An agreement could eventually lead to more jobs, which are desperately sought as all members face unprecedented erosion of job security. Treasury Secretary Lloyd Bentsen claims that 1.4 million jobs worldwide could be created in the year following the successful resolution of the Uruguay Round. And an agreement could help developing nations, East and West, in ways that would soften political conflicts and reduce immigration pressures.

What makes all this so difficult is that on every trade issue, leaders must force some groups to absorb immediate pain, while the benefits come more slowly to the general population. The obvious costs are economic; if France and Japan open their agricultural markets, for example, farmers used to powerful protections will be suddenly exposed. But the nerves go even deeper. Most of the French public supports French farmers who routinely block roads and destroy imports, because it sees a threat to the nation’s pastoral heritage. Kohl has adopted the slogan “Standort Deutschland,” or “Germany as Industrial Site” to suggest that he won’t let Germany’s postwar industrial might be ruined by competition from low-wage competitors, such as the Czech Republic or Malaysia. Each G-7 country is struggling with the legacies of big government spending programs that are proving impossible to maintain in an increasingly competitive environment. One Clinton administration official involved in presummit negotiations said the leaders will have to attack “structural rigidities” such as “welfare systems, minimum-wage laws and unemployment benefits” that distort the labor picture.

Recent crises have shrunk political wiggle room even further. In the past few weeks, Japan’s government has disintegrated, leaving Miyazawa the lamest of ducks. The defectors from his party include Ichiro Ozawa, seen as the most persuasive and effective in international trade talks. While Ozawa may get a chance to help create a new reform government, for now he is out of the picture. This puts the trade talks in the hands of the bureaucracy, which is taking a stance of “aggressive defense” likely to yield very little.

_B_Saying no:_b_France’s hard line on agriculture has already made it a major obstacle to progress. But Prime Minister Balladur, whose party recently won control of the government from Mitterrand’s Socialists, has struck a new note of intransigence. “We have decided definitively not to accept the agricultural accord of the Uruguay Round,” said Foreign Affairs Minister Alain Juppe, who has helped give Mitterrand his marching orders and will accompany him to Tokyo. As Balladur’s party faces presidential elections in 1995, he is most interested in protecting his flank from protectionist rivals in his own coalition.

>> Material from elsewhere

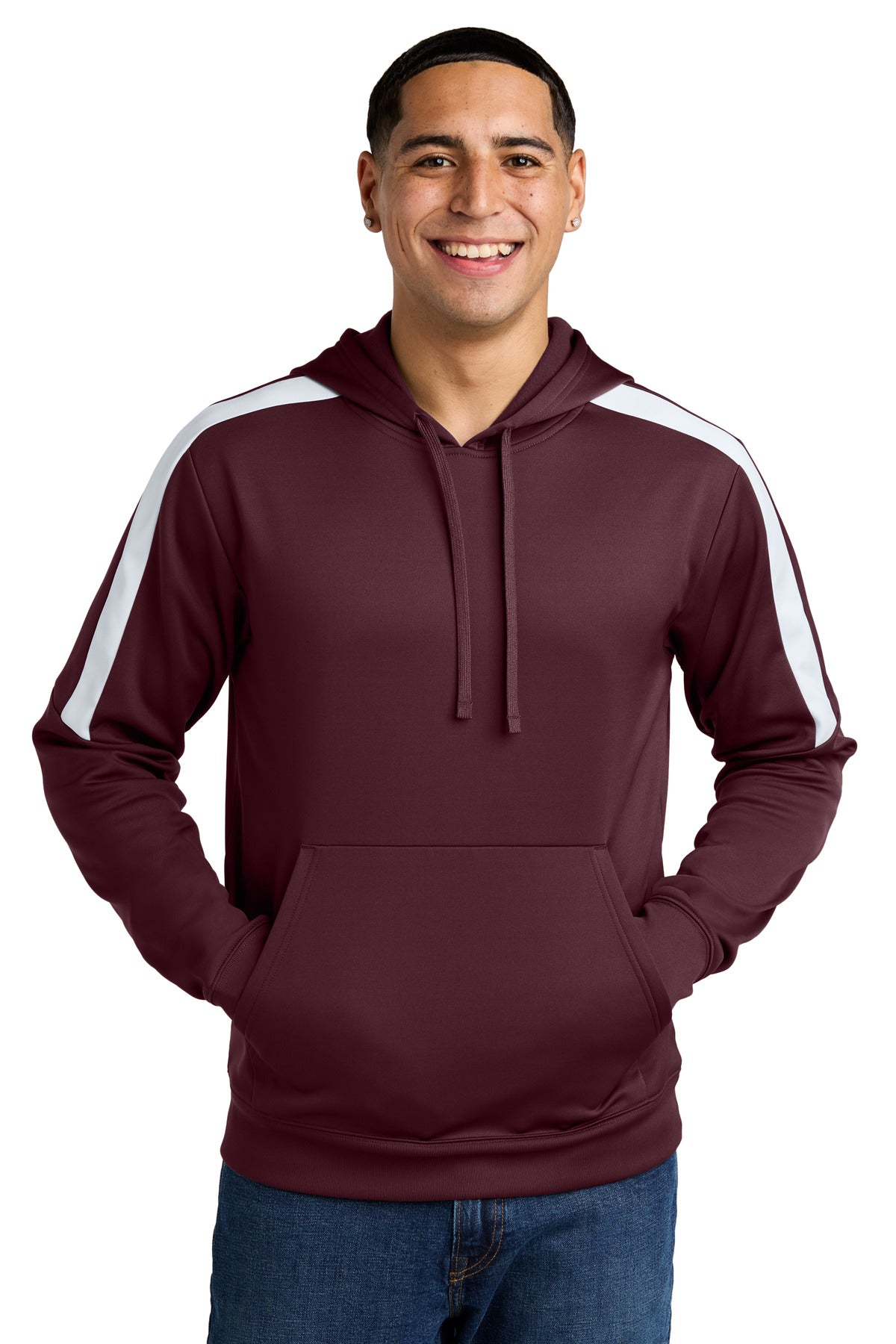 Sport-Tek Sport-Wick Fleece United Pullover Hoodie - Maroon/ White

As at most summits, a few small deals will be struck and hailed as great victories. Russia will officially get about $2 billion (down from the promised $20 billion) to finance privatization of state-owned enterprises. An agreement may be struck to write off up to a third of the debt long owed by the poorest African nations. And as they have done at each summit since 1990, the leaders are sure to pledge completion of the Uruguay Round. The flow of rhetoric is already thick. “At this moment,” said Britain’s Major, “when the thing the world economy most needs is confidence and the growth of trade, it would be folly for us not to bend every wit and will we have to try and find a settlement. People will have to take a long-term view and be willing to face difficulties in their own countries.” You said it, Mr. Major. Do we see any hands?